Samurai Blade | Atomos (http://www.atomos.com/samurai-blade/)

Chris Young
CYV Productions
Sydney

Mark Koha
August 30th, 2014, 01:29 PM
+1 on the Samurai. I use the same setup of a 305 and Samurai Blade. I love the thing.

Kathy Smith
August 31st, 2014, 05:23 AM
Thanks a bunch!

Al Bergstein
August 31st, 2014, 09:25 AM
+1 on the Blade. A great product. I use an SSD with it.

Steve Hontz
August 31st, 2014, 11:32 AM
I did a two-day conference with an XF305 and XF105. I have 4 CF cards for each camera.

As each card filled up, I would take it out and load it onto a laptop equipped with an external USB 3 card reader. A previously-formatted empty card would take its place.

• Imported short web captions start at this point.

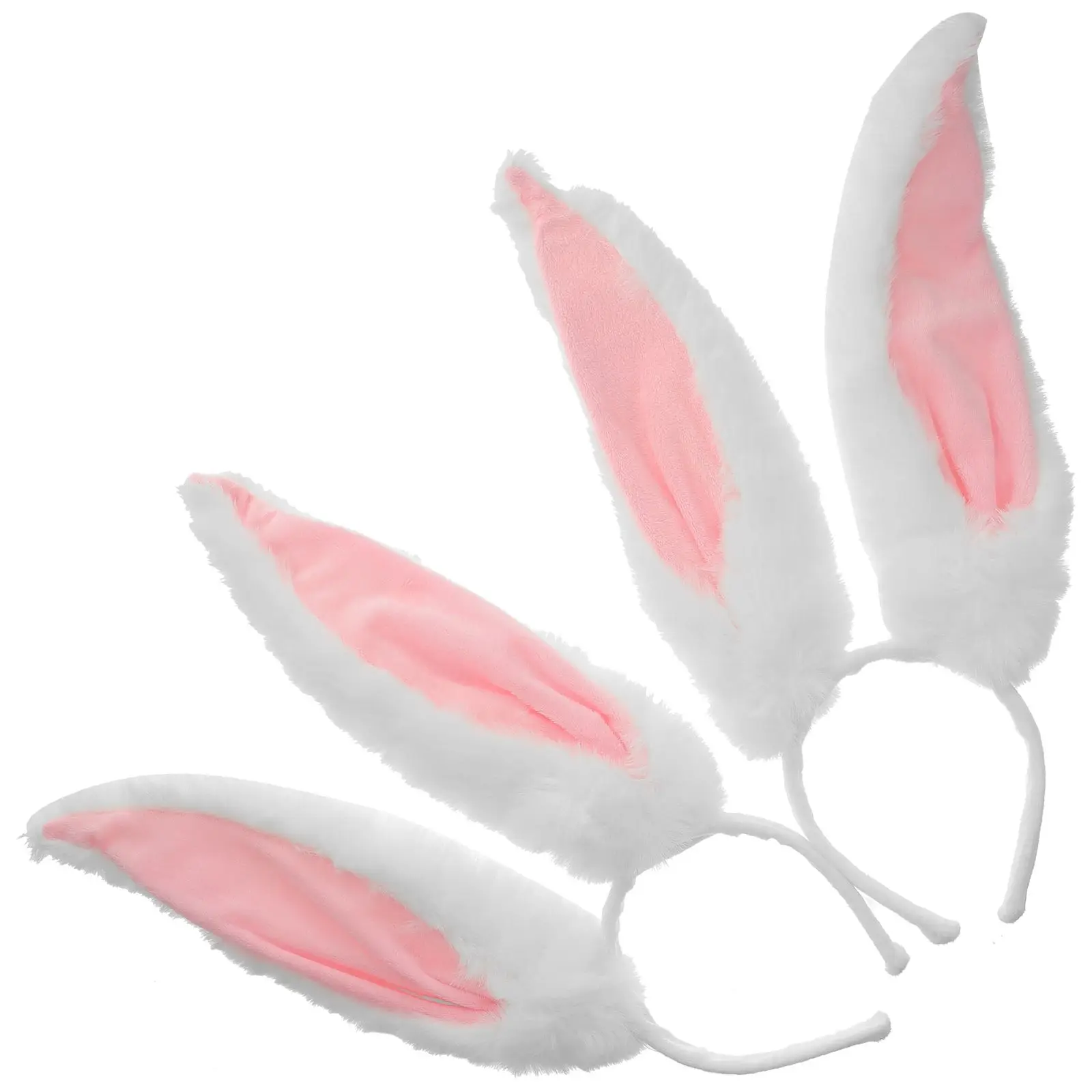 2pcs Rabbit Headb s Bunny Ear Headwear Easter Party Headwear for Party Costume Easter Artificial Pink Decor Accessories
2pcs Rabbit Headb s Bunny Ear Headwear Easter Party Headwear for Party Costume Easter Artificial Pink Decor Accessories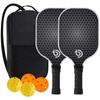 Новые продукты поддерживают сертификацию Usapa ракетки Pickleball Paddle своими руками.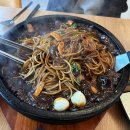백년돌판짜장/교동짬뽕
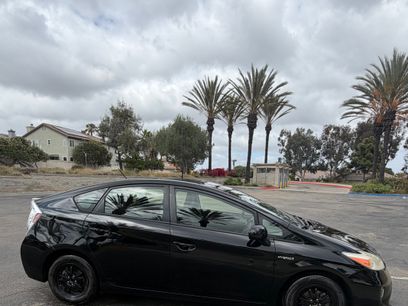 Used 2013 Toyota Prius Two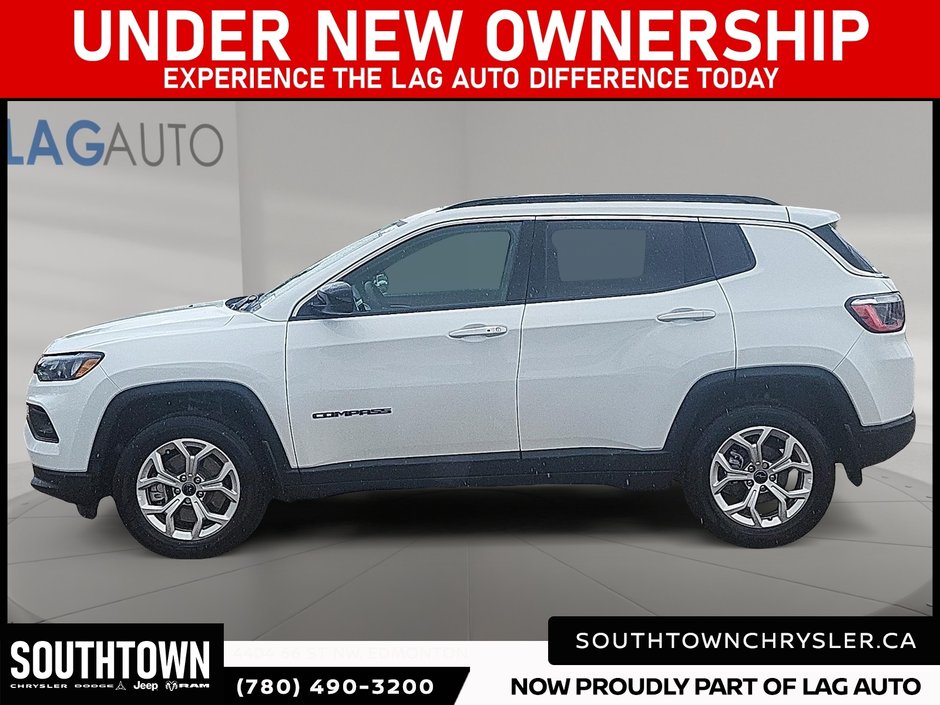 2025 Jeep Compass North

At break times, I would copy the most-recently copied contents from the laptop hard drive to an external USB 3 hard drive, so I would have two copies. Also, I would format any cards that had been successfully copied so they would be ready to go in the rotation.

Kathy Smith
September 3rd, 2014, 04:46 AM
I did a two-day conference with an XF305 and XF105. I have 4 CF cards for each camera.

As each card filled up, I would take it out and load it onto a laptop equipped with an external USB 3 card reader. A previously-formatted empty card would take its place.

At break times, I would copy the most-recently copied contents from the laptop hard drive to an external USB 3 hard drive, so I would have two copies. Also, I would format any cards that had been successfully copied so they would be ready to go in the rotation.

What was the capacity of each card? Did you have enough time in between to copy each card to the computer before running out of cards?

James Redmond
September 3rd, 2014, 06:30 PM
Kathy, I also have a 305 and a 105.

I use both 128 gigs and 64 gig cards

64 gig is 163 minutes of HD video (1920-1080) 50 mbps
128 would be 326 minutes.

Get a USB3 CF card reader (if you have a computer that uses usb3). It will speed it up by 10 times over usb2 the transfer speed.

During the breaks is when I start to transfer files. 4 CF cards will do (even 64 gigs),

at nanoflash dot com you can get a 128 gig CF for $200. I just got one for my last event.

Good luck, James

Scott Brooks
September 4th, 2014, 01:47 PM
James ... good info on CF cards. I just purchased the XF200 and was wondering about the size cards I needed.

Just one correction though on the Nano site ... I believe that should be dot net.

Steve Hontz
September 5th, 2014, 05:42 PM
What was the capacity of each card? Did you have enough time in between to copy each card to the computer before running out of cards?

My cards are 32GB cards = 82 mins each (at 1920x1080 24p.) I don't have a full card to test with right now, but as I recall, it takes about 7 mins to download a full card to the laptop. Because I used the relay record, I could just pull cards when they filled up and stick in a fresh card without stopping.

I don't like having one big card. In case the card fails (or you accidentally wipe it) you've lost everything.